[Scraped caption text data]
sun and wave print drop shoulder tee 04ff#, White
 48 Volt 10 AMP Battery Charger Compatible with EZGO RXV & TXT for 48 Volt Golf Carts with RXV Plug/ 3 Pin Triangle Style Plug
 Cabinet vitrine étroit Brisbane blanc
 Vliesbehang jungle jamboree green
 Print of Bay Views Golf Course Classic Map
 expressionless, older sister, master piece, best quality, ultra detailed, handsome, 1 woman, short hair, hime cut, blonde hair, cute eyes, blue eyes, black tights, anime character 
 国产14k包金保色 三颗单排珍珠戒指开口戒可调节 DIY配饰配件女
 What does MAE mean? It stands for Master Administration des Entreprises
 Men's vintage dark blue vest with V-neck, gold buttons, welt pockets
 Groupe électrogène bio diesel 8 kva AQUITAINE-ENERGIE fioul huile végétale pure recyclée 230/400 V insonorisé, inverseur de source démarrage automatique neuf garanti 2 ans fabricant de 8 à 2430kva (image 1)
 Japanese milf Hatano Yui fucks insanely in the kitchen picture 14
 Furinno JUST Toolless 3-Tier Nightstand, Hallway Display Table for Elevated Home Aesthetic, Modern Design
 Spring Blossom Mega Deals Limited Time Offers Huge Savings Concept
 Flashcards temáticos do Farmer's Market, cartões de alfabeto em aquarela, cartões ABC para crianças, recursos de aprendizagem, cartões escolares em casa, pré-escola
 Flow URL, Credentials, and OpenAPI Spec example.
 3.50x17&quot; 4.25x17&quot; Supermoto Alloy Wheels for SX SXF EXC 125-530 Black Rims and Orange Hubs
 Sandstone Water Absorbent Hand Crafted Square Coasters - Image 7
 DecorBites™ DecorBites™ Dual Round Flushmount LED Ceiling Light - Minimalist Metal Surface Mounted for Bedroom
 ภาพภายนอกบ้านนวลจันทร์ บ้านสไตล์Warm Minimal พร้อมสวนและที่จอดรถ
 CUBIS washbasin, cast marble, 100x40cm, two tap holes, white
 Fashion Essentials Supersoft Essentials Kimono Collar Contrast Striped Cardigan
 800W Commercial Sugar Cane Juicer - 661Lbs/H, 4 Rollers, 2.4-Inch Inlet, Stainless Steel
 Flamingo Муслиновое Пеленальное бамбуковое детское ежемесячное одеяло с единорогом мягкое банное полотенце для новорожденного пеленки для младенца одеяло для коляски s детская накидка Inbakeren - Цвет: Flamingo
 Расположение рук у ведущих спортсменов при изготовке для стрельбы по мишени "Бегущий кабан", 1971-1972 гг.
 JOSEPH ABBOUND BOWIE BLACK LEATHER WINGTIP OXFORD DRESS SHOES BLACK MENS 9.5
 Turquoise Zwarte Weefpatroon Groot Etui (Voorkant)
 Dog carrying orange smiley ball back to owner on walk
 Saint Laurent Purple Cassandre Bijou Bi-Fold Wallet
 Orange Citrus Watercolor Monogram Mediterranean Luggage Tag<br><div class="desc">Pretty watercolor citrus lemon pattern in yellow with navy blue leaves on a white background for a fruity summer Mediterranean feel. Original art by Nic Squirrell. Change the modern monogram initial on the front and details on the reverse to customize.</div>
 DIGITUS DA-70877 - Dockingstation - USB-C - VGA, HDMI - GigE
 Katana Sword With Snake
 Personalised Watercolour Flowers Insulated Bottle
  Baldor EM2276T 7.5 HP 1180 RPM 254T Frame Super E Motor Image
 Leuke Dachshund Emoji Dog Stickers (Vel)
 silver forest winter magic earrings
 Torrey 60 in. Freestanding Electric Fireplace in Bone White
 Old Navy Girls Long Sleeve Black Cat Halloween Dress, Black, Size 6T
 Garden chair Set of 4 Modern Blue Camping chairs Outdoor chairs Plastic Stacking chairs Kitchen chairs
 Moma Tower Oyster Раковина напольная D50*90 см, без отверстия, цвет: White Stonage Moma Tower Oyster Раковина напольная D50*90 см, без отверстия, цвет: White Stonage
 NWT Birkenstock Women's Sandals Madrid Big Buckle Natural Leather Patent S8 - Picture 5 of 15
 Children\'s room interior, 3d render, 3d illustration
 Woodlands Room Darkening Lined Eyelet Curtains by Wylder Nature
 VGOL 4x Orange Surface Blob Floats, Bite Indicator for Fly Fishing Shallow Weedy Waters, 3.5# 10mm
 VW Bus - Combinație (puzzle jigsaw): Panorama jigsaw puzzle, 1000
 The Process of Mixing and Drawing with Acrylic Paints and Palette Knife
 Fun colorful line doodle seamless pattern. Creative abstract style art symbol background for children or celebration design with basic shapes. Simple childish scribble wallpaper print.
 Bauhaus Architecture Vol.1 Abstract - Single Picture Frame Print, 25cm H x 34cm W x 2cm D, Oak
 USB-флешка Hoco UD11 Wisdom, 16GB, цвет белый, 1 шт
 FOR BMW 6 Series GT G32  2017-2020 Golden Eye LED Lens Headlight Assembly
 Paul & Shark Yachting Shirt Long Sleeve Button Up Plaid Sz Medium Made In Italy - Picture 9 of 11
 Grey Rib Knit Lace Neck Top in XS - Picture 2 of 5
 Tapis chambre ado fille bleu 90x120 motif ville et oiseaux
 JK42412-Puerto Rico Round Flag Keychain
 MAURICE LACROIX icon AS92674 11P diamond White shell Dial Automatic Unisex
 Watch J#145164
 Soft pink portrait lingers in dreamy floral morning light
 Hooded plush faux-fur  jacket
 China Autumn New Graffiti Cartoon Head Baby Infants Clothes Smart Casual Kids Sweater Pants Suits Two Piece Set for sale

• Exercise aim: Whenever the string "Long" shows up in a line of the entries, copy that line.

• Answer section:
 Old Navy Girls Long Sleeve Black Cat Halloween Dress, Black, Size 6T
 Paul & Shark Yachting Shirt Long Sleeve Button Up Plaid Sz Medium Made In Italy - Picture 9 of 11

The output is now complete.